The reality of marketing

Marketing is not deterministic. I wish it was, but it’s not. And often, we want to tell ourselves that it’s very deterministic. We know exactly what generated or caused this install. But it’s not causality that we often know. We know correlation. 

Use incrementality testing to optimize spend

And if you think offline, Coca Cola and Nike – great examples. They run a campaign for a set limited period of time, for two weeks, four weeks, eight weeks. Then they stop the campaign and rely on panel reporting, survey reporting, and sales reports. They rely on reports in retrospect to help them reevaluate what was my media mix, did I actually see an increase in sales for the product that was advertising? 

Move past the need for determinism

And if they don’t, they can actually now do it better for the next time, and they do get better and better and better. But none of them tries to conclude that what they’re doing is deterministic. 

FULL TRANSCRIPT BELOW

Shamanth: I’m very excited to welcome Maor Sadra to the mobile user acquisition Show. Maor, welcome to the show. 

Maor: Thank you, Shamanth. And thank you for making the extra effort to try to pronounce my name correctly. It’s a common joke that my name gets butchered. I’m fine with it. But thank you for making the extra effort and inviting me.

Shamanth: Absolutely, Maor. So, yeah, definitely thrilled to have you because certainly, I’ve learned quite a lot from what you’ve shared on public forums and communities just over the last couple of months, as we’ve all tried to make sense of the changes coming our way. So definitely, I think you’ve offered some very unique and interesting perspectives on how to approach measurement in a few months, and it’s definitely something I’m thrilled to dive into with you today.

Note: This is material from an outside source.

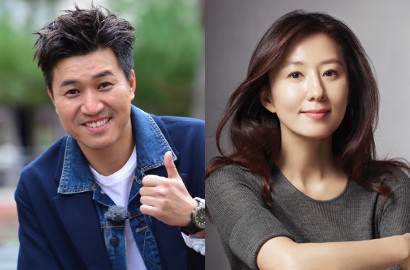 Lucunya Kim Jong Min Salah Tingkah Bertemu Kim Hee Ae di '2 Days 1 Night'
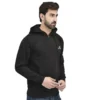 WOODLAND WAJC 09 BLACK HOODIES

To start off Maor, until now, the last touch has been the most widely prevalent way to attribute and measure performance on mobile. And you have expressed that it’s always been problematic. Can you tell us what has been some of the key problems associated with last-touch attribution?

Maor: I think we need to remember that last touch attribution is prevalent because there were no other real options. Basically, it’s like if you come from offline advertising or desktop advertising, you know about the option of a media mix modeling, you know about the option of multi-touch attribution, you know how to actually look at the entire funnel because you do own your domain. 

Let’s take Uber.

If you own uber.com, you would know the traffic is coming to uber.com, you can analyze it, you can come up with your own attribution model based on your user behavior. On mobile, it wasn’t the case. When the app stores were launched, there was no real way to get any tracking done.

And back then, in 2012, the attribution companies were launched, all of them used UDID device tracking, later on, UDID got deprecated and replaced with IDFA and Google AID. 

But still, the way that the attribution or MMP companies  – they were tracking everything – impressions, clicks, wherever they could. And I think a lot because the big platforms, like Facebook, started on mobile, from day one they were self-attributing. And from day one, in order for an MMP to join the MMP program and to basically send their posts back to Facebook and so on, later Google as well. The way to do so was to send them all installs. So the MMP service for developers was, they’re going to deduplicate everything, and they’re going to show you who was the last one to touch. 

Now, from here to becoming an absolute truth, this is the source that generated my install, my conversion. I think that that was a stretch that the industry, for some reason, just accepted. Everybody just accepted it. Now, it doesn’t make sense because if you think how marketing works, there is a funnel and AIDA, that’s short for awareness, interest, desire, and action. So usually, it takes some time for users to get to know the product, maybe explore it, click, download, use, spend money in it, and so on. 

And to give a hundred percent credit to whoever just tapped the user last, especially in our industry, it actually created an ocean of fraud. Because if you’re a fraudulent publisher, and you know that you just need to tap the user before there’s an install, and sometimes that’s five to ten bucks for a single install, it becomes a very easy system to actually manipulate. And it became quite messy.

I don’t doubt the attribution companies’ place in the industry, but I think that last touchpoint attributions simply did not allow you to understand the incremental value you’re getting as an advertiser.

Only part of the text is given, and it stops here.